# [MATERIAL PROVIDED]
################
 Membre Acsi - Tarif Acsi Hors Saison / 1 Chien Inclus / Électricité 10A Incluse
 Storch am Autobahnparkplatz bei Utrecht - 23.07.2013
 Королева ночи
################
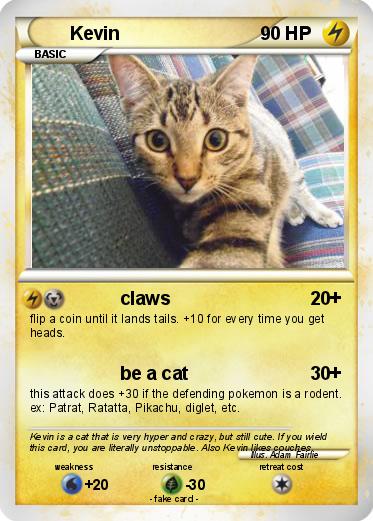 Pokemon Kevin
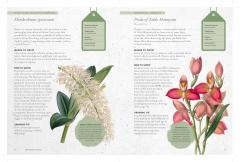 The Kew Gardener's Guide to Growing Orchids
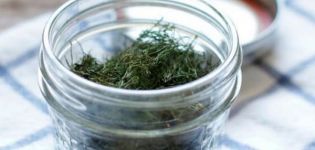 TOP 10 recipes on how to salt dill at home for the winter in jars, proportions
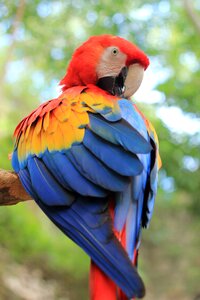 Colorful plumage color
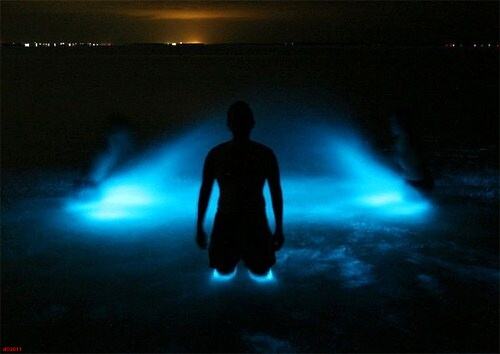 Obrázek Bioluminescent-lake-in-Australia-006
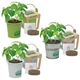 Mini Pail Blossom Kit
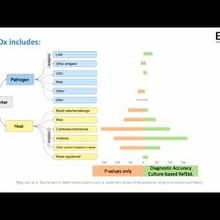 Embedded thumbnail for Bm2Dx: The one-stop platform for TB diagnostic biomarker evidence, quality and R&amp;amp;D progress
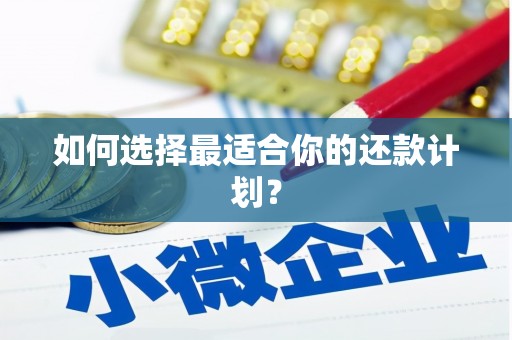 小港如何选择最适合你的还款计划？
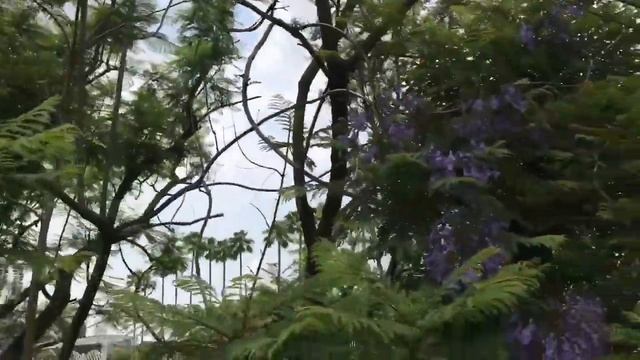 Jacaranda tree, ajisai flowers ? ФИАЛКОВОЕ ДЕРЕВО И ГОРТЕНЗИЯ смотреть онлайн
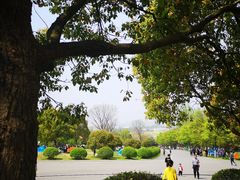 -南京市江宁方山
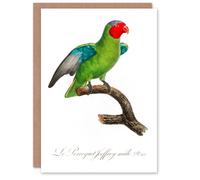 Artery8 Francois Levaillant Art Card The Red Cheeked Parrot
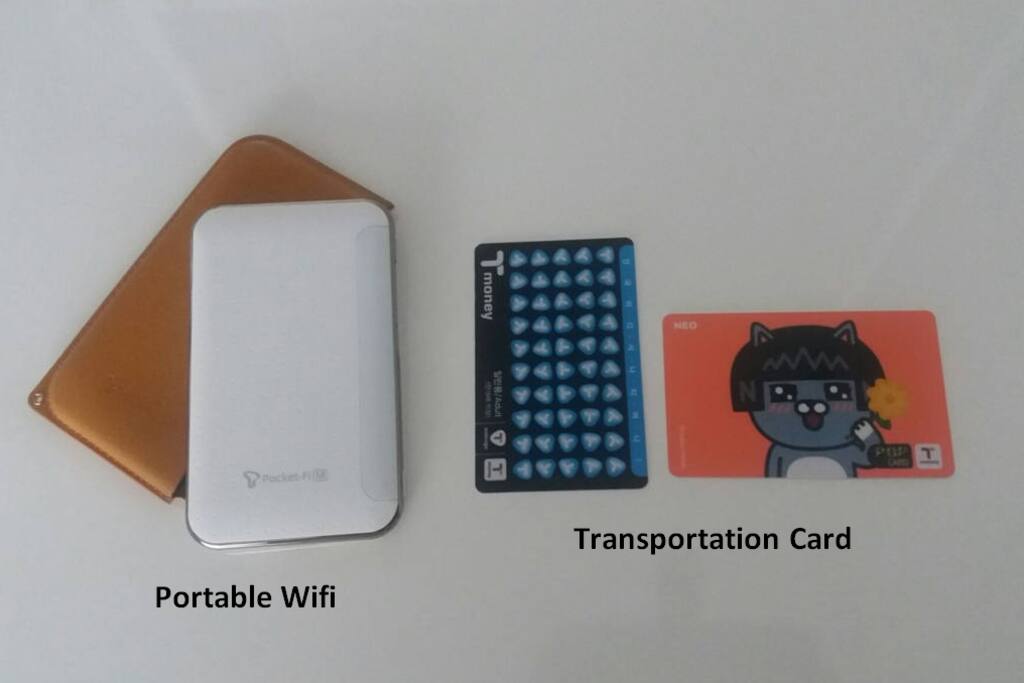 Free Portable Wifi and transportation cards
################
# [THE PROBLEM]
Copy exactly, without pictures, the lines above from the one with "Obrázek Biolum" down to the one with "Free Portable Wifi and transportation cards", inclusive.

# [RESULT]
 Obrázek Bioluminescent-lake-in-Australia-006
 Mini Pail Blossom Kit
 Embedded thumbnail for Bm2Dx: The one-stop platform for TB diagnostic biomarker evidence, quality and R&amp;amp;D progress
 小港如何选择最适合你的还款计划？
 Jacaranda tree, ajisai flowers ? ФИАЛКОВОЕ ДЕРЕВО И ГОРТЕНЗИЯ смотреть онлайн
 -南京市江宁方山
 Artery8 Francois Levaillant Art Card The Red Cheeked Parrot
 Free Portable Wifi and transportation cards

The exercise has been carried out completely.